What is needed
Nothing but the lines below from the one containing "BETMI لوحدة تحكم" through the one containing "Women's Beautiful Classic" should appear in the answer, exact and without pictures.

Exercise material
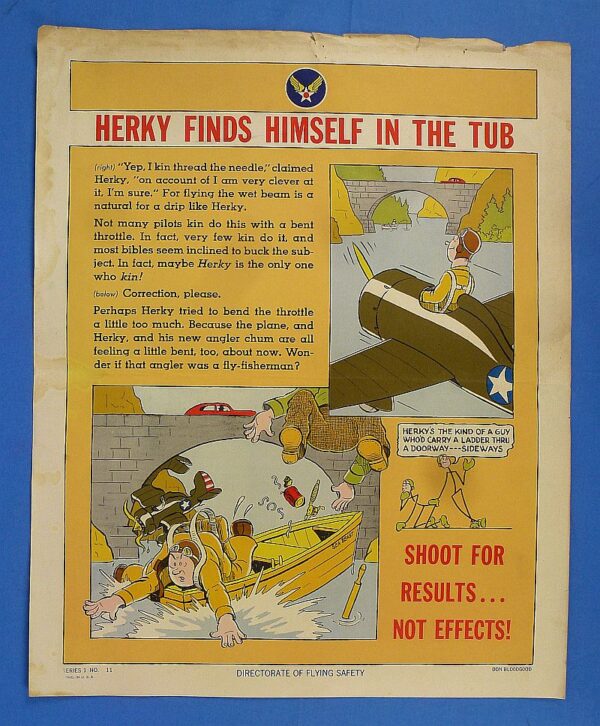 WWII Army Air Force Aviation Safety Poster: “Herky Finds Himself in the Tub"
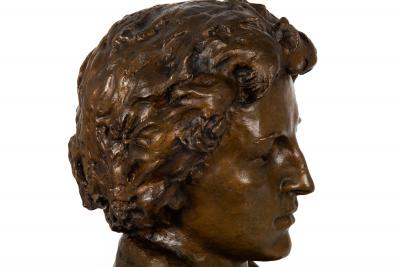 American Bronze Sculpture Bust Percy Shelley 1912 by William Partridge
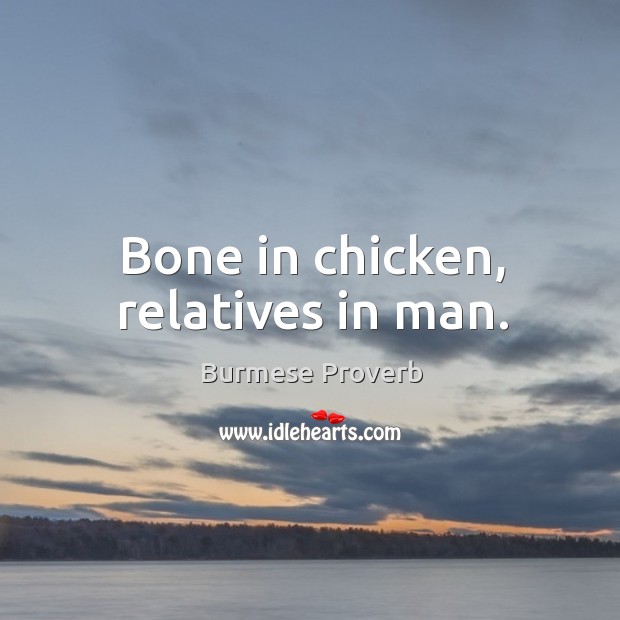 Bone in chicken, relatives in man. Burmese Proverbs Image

--

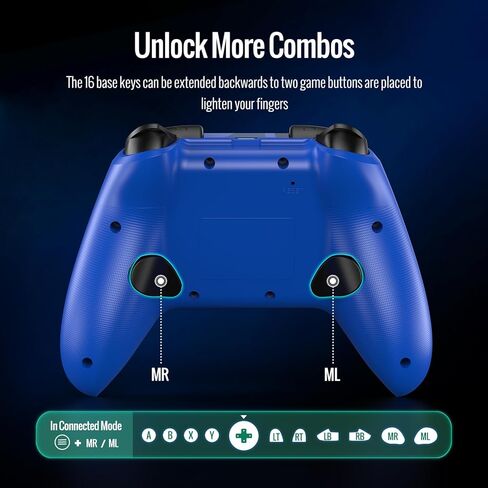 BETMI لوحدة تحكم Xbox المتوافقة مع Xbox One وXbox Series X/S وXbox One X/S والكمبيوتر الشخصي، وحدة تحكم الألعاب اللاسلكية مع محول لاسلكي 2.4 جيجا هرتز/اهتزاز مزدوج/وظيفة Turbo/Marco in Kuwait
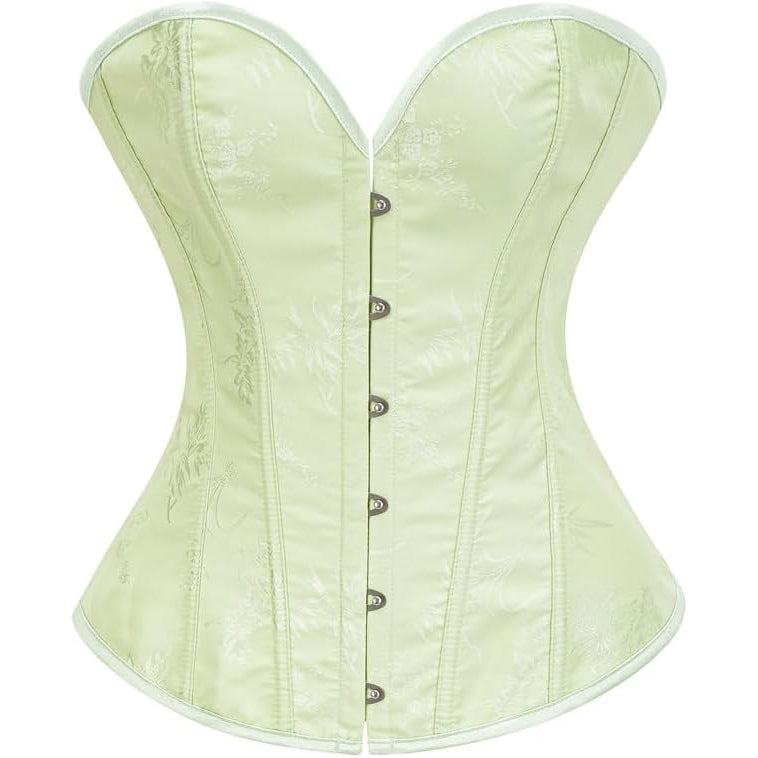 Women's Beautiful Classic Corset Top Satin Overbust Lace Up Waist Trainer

Response
 BETMI لوحدة تحكم Xbox المتوافقة مع Xbox One وXbox Series X/S وXbox One X/S والكمبيوتر الشخصي، وحدة تحكم الألعاب اللاسلكية مع محول لاسلكي 2.4 جيجا هرتز/اهتزاز مزدوج/وظيفة Turbo/Marco in Kuwait
 Women's Beautiful Classic Corset Top Satin Overbust Lace Up Waist Trainer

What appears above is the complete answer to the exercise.